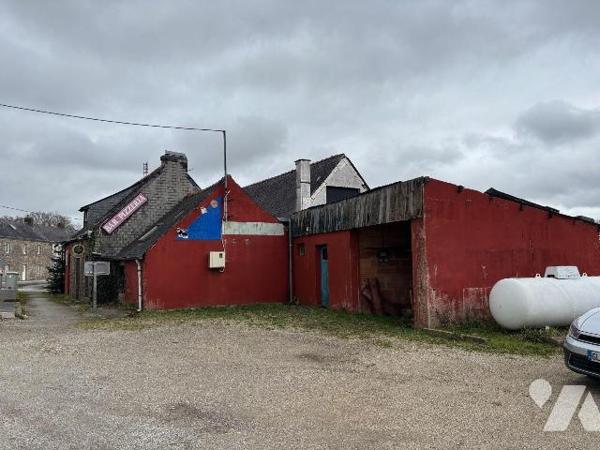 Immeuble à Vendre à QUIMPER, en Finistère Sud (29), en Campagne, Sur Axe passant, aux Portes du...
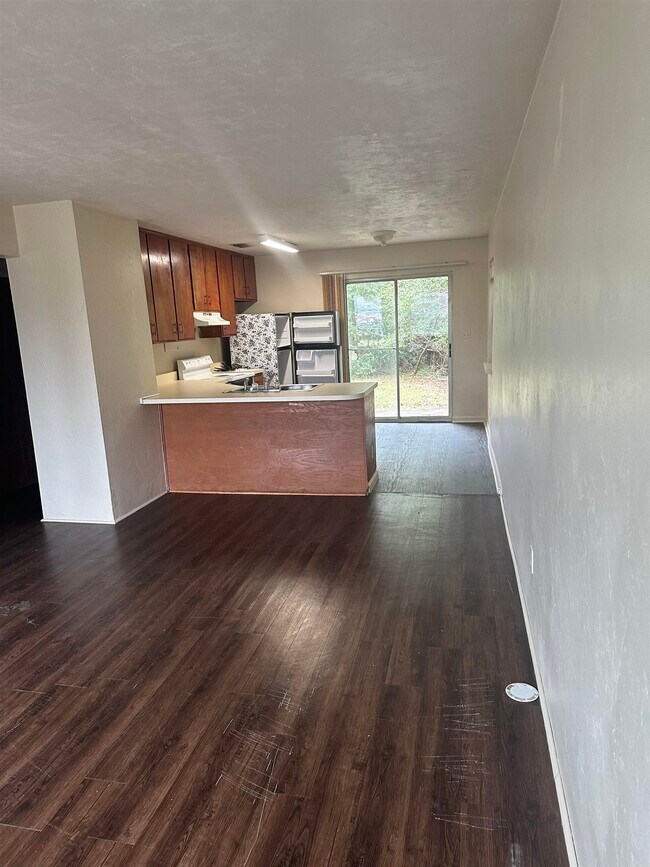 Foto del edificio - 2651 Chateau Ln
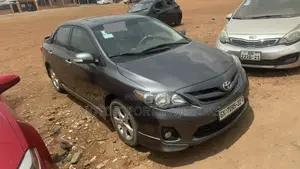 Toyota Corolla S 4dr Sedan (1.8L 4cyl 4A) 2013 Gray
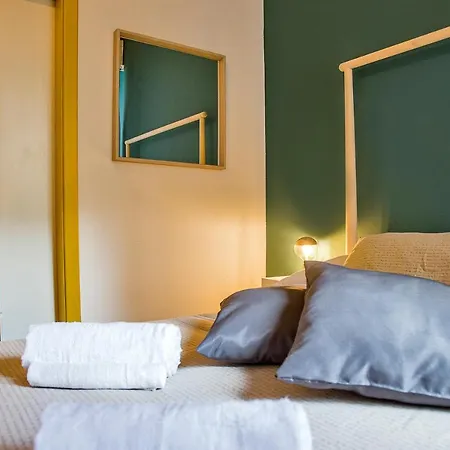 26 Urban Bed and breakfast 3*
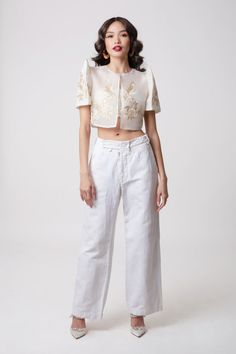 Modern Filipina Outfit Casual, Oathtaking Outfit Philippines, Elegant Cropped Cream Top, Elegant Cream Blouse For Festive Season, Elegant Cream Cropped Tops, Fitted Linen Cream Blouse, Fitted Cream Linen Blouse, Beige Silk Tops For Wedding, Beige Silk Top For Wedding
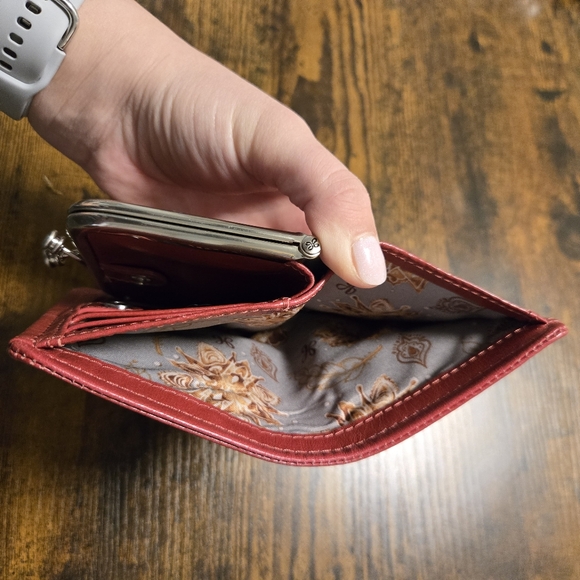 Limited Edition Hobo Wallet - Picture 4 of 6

===============

WORK TASK>
Copy exactly the lines from the one containing "Foto del edificio - 2651 Chateau Ln" through the final line of the records above, both included, and leave out any pictures.

TASK OUTPUT>
 Foto del edificio - 2651 Chateau Ln
 Toyota Corolla S 4dr Sedan (1.8L 4cyl 4A) 2013 Gray
 26 Urban Bed and breakfast 3*
 Modern Filipina Outfit Casual, Oathtaking Outfit Philippines, Elegant Cropped Cream Top, Elegant Cream Blouse For Festive Season, Elegant Cream Cropped Tops, Fitted Linen Cream Blouse, Fitted Cream Linen Blouse, Beige Silk Tops For Wedding, Beige Silk Top For Wedding
 Limited Edition Hobo Wallet - Picture 4 of 6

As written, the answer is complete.